Database Types
Updated June 3, 2026One of the most consequential decisions you'll make in a system design is: what kind of database do you reach for? Engineers get this wrong all the time, either defaulting to whatever they know or over-engineering a solution that calls for a plain old relational table.
The good news is there are really only a handful of database categories, and each one has a clear sweet spot. Once you understand the mental model, picking the right one becomes almost obvious.
The Big Picture
Databases aren't a monolith. They're a spectrum of trade-offs: structure vs flexibility, read speed vs write speed, query power vs operational simplicity.
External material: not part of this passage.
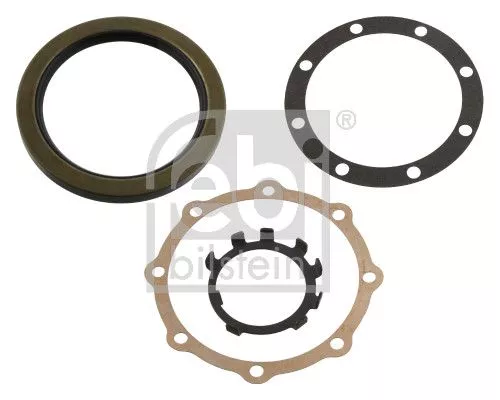 Gasket Set, wheel hub FEBI BILSTEIN 02460)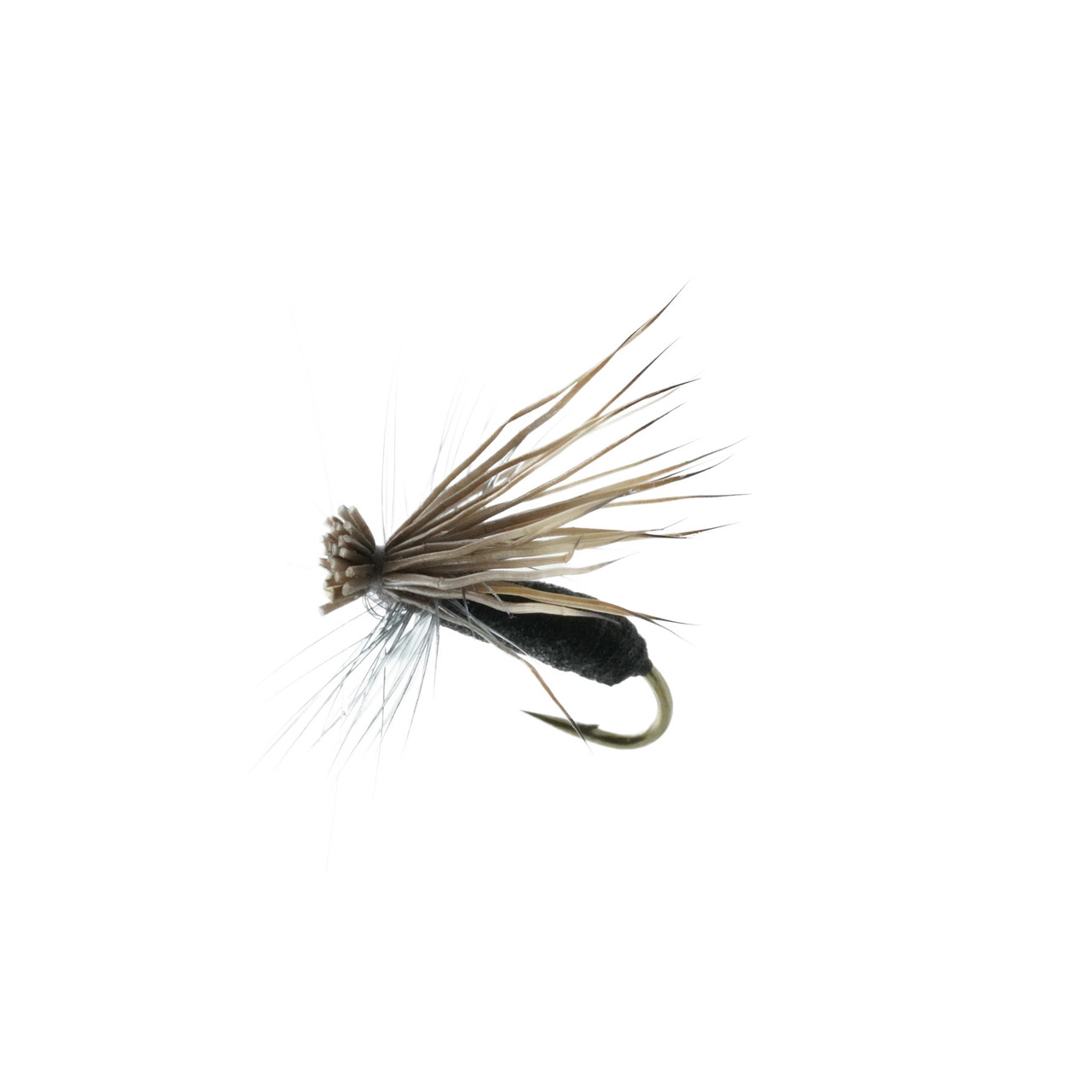Better Foam Caddis Kingrey Fly | Black Better Foam Caddis Kingrey Fly | Black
Here's the full taxonomy before we dive in:
| Type | Model | Famous Examples |
|---|---|---|
| Relational | Tables & rows | PostgreSQL, MySQL, SQLite |
| Document | JSON/BSON documents | MongoDB, Firestore, CouchDB |
| Key-Value | Key → value map | Redis, DynamoDB, etcd |
| Wide-Column | Column families | Cassandra, HBase, Bigtable |
| Graph | Nodes & edges | Neo4j, Amazon Neptune |
| Time-Series | Timestamped events | InfluxDB, TimescaleDB, Prometheus |
| Search | Inverted indexes | Elasticsearch, Algolia, Typesense |
Relational Databases
Think of a relational database as the responsible adult in the room. Data lives in tables with strict schemas. Rows relate to rows in other tables through foreign keys. You query it all with SQL — a language that's been refined over 50 years.
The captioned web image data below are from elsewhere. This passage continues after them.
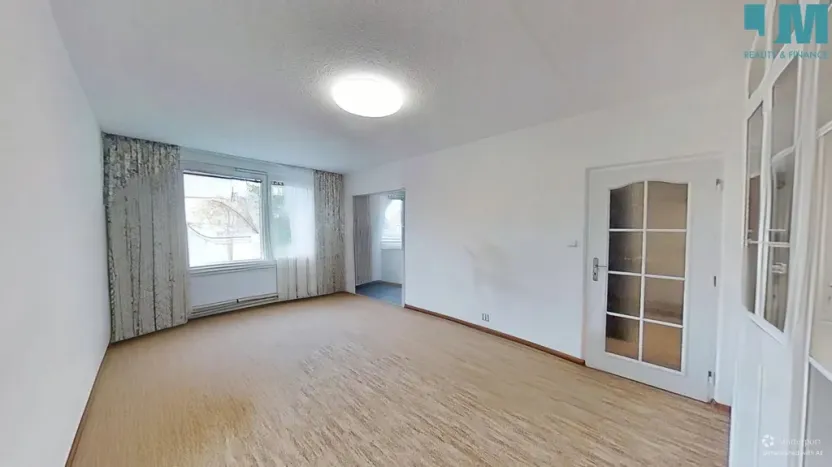 Prodej bytu 3+1, Třebíč, Obránců míru, 74 m2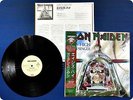 IRON MAIDEN Aces High EMS50148 OBI LP Fn4096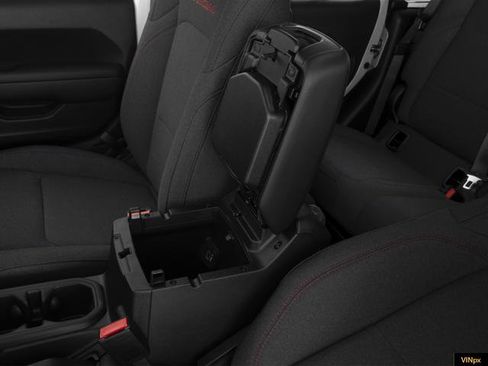 New 2026 Jeep Gladiator Rubicon AWD/4WD image 17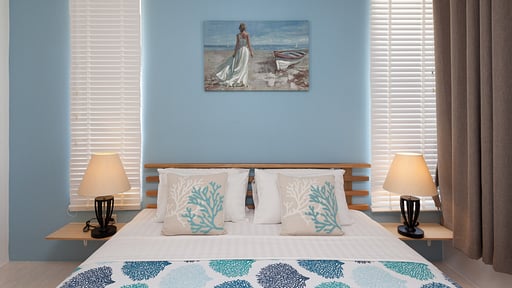 Fisherman Way Garden Pool Villa Bedroom 4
Why they're great: ACID guarantees, mature tooling, powerful joins, excellent for complex queries.
Real examples: PostgreSQL (the gold standard for most web apps), MySQL (ubiquitous in legacy systems), SQLite (embedded in every iOS and Android app on the planet).
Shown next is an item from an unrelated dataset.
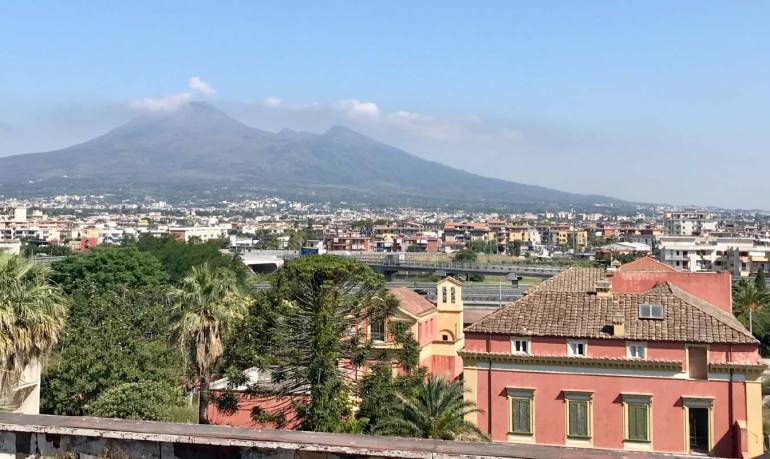 I siti del Parco Archeologico di Pompei aderiscono alle GEP
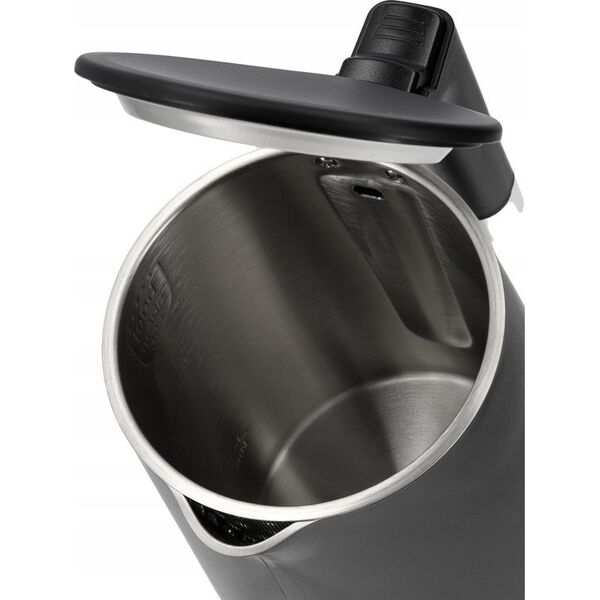 LUND ELECTRIC KETTLE 1.5L BLACK COOL TOUCH 14399009 5906083107467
Use when: You have structured, relational data. Orders, customers, products, invoices — anything that fits naturally into tables.
If you don't know which database to pick, start with PostgreSQL. Seriously. It handles JSON, full-text search, geospatial queries, and scales surprisingly far before you need to switch.
Which database type would you reach for first when building a typical web app with structured, relational data and no extreme scale requirements?
Document Databases
Instead of rows and tables, document databases store self-contained JSON (or BSON) documents. Each document can have a completely different shape — no rigid schema required.
Think of it like filing cabinets. A relational database is a spreadsheet where every row must have the same columns. A document database is a folder where each file can look completely different.
Real examples: MongoDB (most popular), Firestore (Firebase's serverless option), CouchDB (great offline sync story).
Use when: Data is naturally hierarchical or nested. Product catalogs (each product has different attributes), user profiles (some users have addresses, some don't), CMS content (articles with varying fields).
Watch out for: No native joins means you either embed data (which makes documents fat) or do multiple round-trips. Consistency guarantees are usually weaker too.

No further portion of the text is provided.